--- Available records Enclosed Below ---
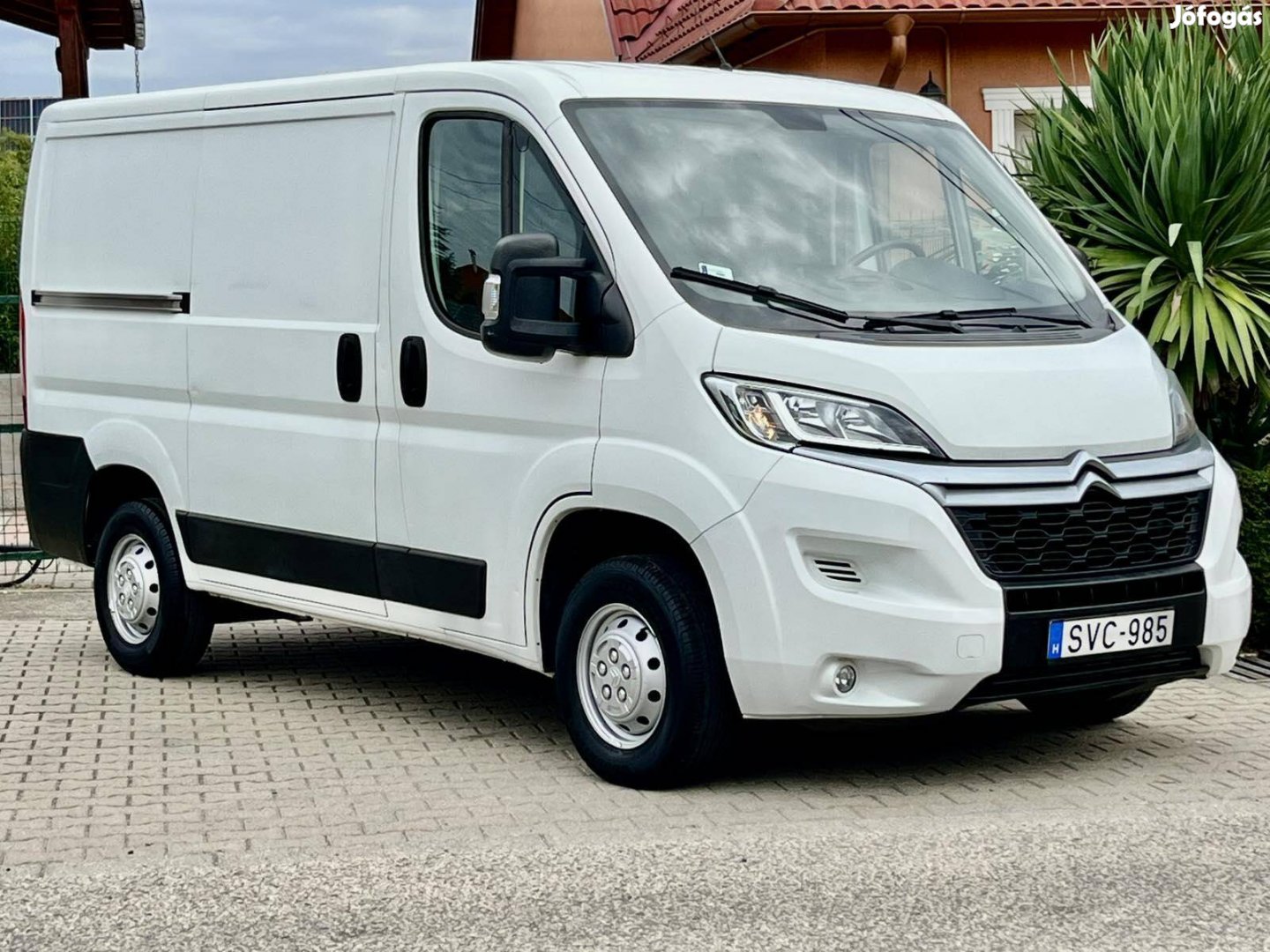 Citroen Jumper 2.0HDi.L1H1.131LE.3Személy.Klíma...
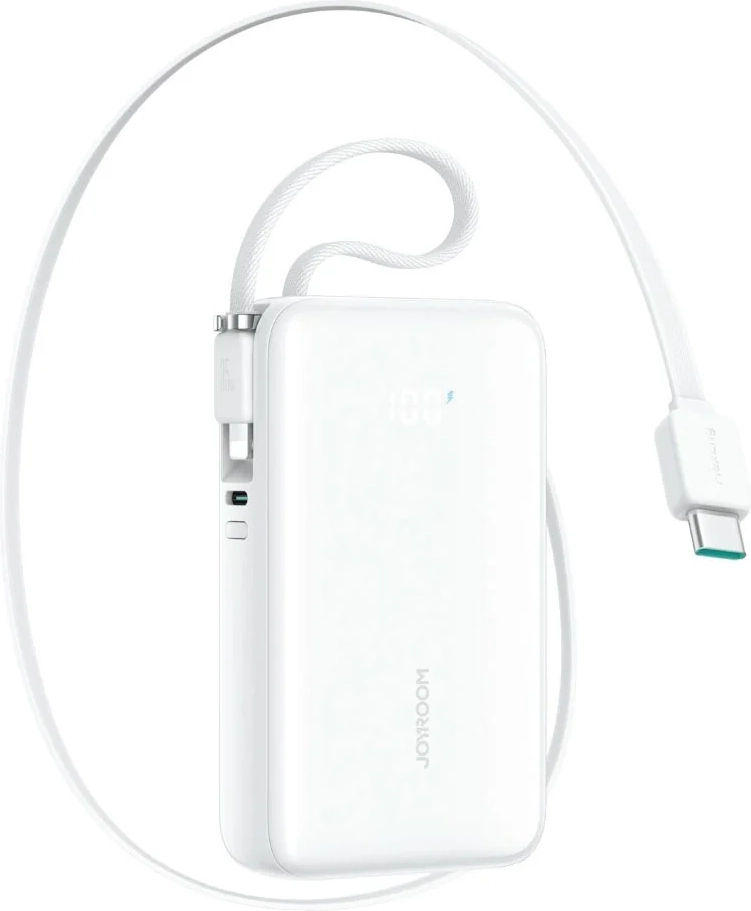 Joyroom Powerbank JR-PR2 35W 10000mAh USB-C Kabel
--- End of Enclosed Available records ---
--- Available records Enclosed Below ---
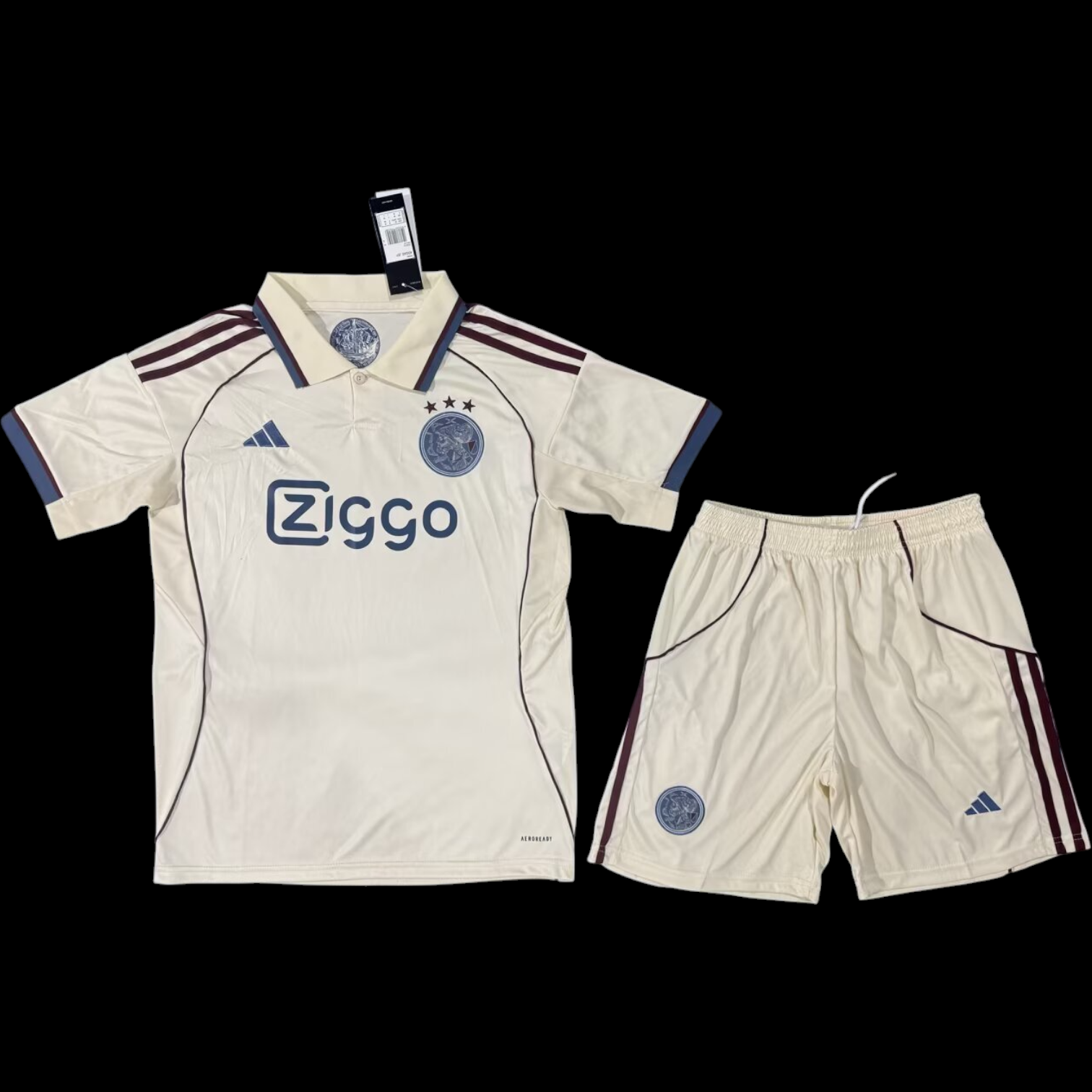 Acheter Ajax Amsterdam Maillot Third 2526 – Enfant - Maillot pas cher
--- End of Enclosed Available records ---
- Brief -
Of all the material above, only the lines from the one that has "Citroen Jumper 2.0HDi.L1H1.131LE.3Személy.Klíma..." down to the one that has "Joyroom Powerbank JR-PR2" are to be written out, exactly and with both ends included. Pictures are skipped.

- Exercise result -
 Citroen Jumper 2.0HDi.L1H1.131LE.3Személy.Klíma...
 Joyroom Powerbank JR-PR2 35W 10000mAh USB-C Kabel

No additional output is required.